So why I don't want you to just focus on one side or have the other side match the weakness or the stretch is because you might have to do something different, you might hold your breath, you might force your body into more rotation to try to be even. But in reality, you're almost using imbalance to try to fix imbalance doesn't work. Do the exercises as simply as possible. Notice that significant difference between the right and left side. And over time, we are going to find that your body starts to find his homeostasis right in the middle, let's not do anything different.

Let's not hold the tighter side longer, let's not do more reps on the weaker side, let's try to take an even balanced approach. Because at the end of the day, both sides of the body need to be able to learn how to work together. And if you start treating one side different, you're now using imbalance to solve imbalance. And maybe you're one of the very, very small percentage of people that can be successful that I don't want to say that that's not successful.

Some people can be successful with that. But the chances are the vast majority of the population is going to just create more movement problems layer on top of the original foundational movement issue, they came here to solve for trust that your body wants to be balanced, it just needs a reason to be. And these routines and these exercises every single day are what is going to get you to the highest functioning most balanced state possible.

Just give it time.

Try not to consciously meddle with things based on what you can see, feel and perceive. The last thing I'll say because I want to give you a thorough answer is most of the times when we've got imbalances and movement problems, it's not really just the soft tissue, though the actual muscle length plays a role in it. It's also nervous system regulation.

So many of the times what people feel. If one side is tighter, one side is working harder, one side has a better capacity to move. That's not necessarily what's objectively true. It's just the position of their body, like one shoulder being higher than the other or more rounded than the other. That gives us false illusion that there's better function.
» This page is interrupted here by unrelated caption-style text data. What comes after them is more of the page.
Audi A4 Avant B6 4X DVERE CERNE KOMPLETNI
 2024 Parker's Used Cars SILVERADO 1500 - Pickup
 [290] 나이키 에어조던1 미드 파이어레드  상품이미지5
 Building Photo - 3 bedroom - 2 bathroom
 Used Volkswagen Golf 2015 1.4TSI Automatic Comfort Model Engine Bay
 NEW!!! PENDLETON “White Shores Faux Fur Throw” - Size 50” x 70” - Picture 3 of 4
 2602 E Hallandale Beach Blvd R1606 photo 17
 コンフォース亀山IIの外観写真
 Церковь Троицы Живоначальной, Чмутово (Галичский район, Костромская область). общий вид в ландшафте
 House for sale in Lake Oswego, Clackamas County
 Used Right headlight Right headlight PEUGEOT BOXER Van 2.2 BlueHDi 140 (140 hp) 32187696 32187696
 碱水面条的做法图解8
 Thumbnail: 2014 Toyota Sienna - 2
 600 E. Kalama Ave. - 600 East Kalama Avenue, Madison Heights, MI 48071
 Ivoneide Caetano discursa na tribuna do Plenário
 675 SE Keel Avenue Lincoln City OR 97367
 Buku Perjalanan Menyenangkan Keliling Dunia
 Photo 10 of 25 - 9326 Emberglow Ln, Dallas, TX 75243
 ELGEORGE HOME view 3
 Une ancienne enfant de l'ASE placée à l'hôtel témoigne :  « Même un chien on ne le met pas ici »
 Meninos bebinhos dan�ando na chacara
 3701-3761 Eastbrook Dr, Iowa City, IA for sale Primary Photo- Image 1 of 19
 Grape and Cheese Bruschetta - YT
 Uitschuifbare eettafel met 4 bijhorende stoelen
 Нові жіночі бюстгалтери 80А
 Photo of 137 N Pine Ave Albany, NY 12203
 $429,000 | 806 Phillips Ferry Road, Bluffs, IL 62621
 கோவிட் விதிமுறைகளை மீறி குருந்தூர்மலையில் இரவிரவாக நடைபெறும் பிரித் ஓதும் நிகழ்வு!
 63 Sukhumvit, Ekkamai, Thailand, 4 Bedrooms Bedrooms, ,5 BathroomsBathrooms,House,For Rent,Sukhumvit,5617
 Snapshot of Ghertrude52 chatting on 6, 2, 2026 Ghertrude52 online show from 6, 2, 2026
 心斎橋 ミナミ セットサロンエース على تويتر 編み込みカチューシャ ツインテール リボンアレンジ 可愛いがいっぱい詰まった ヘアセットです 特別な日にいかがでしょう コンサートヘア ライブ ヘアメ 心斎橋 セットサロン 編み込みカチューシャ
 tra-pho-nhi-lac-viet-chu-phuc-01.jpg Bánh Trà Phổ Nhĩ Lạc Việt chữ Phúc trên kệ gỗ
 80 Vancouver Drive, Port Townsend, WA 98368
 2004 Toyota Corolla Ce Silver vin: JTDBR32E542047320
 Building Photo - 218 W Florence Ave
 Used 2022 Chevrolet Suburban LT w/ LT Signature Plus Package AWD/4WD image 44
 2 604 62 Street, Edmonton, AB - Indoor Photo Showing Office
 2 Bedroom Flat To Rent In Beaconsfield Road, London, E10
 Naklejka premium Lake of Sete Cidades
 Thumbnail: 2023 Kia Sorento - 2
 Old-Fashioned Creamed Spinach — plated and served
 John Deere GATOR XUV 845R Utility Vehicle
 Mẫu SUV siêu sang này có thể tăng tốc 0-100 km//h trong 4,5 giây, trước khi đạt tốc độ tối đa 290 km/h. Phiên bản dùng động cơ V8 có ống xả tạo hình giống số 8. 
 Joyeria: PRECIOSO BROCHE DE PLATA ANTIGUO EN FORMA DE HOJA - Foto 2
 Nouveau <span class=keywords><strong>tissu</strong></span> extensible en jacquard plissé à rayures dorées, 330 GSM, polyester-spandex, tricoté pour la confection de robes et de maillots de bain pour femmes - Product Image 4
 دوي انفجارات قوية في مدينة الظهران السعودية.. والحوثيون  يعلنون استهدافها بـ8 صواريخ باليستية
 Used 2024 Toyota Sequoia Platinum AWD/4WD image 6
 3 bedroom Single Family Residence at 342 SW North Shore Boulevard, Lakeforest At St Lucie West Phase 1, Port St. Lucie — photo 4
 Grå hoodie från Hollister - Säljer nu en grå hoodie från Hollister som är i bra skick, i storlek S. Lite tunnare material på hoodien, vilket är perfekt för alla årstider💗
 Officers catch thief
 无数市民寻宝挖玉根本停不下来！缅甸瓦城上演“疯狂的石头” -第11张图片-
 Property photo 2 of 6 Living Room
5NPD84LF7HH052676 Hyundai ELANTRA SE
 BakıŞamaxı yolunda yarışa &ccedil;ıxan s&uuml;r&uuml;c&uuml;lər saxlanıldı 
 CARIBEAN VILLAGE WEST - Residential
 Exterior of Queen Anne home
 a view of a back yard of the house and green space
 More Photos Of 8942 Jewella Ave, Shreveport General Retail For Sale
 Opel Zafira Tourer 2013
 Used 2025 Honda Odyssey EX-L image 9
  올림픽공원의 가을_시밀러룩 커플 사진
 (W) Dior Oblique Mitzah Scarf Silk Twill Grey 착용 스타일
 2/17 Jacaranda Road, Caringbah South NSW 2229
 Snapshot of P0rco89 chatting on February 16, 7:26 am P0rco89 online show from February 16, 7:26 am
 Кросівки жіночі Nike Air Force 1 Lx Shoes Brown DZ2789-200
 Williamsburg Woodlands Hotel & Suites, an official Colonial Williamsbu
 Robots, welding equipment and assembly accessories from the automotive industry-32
So another reason why I don't want you to make any alterations based on what you feel is because many of the times we've normalized sub optimal, we've normalized dysfunction. And we become so cutely focused on the wrong things. And they're not even the information that's giving us the proper feedback that we need because our body is in an altered state and an altered position. So we can't rely on information while we're in an altered state and function position.

I hope that makes sense. That could be a really lengthy answer, but I wanted to minimize that and shorten it as best as possible for you. Treat both sides the same and watch how they get better over time.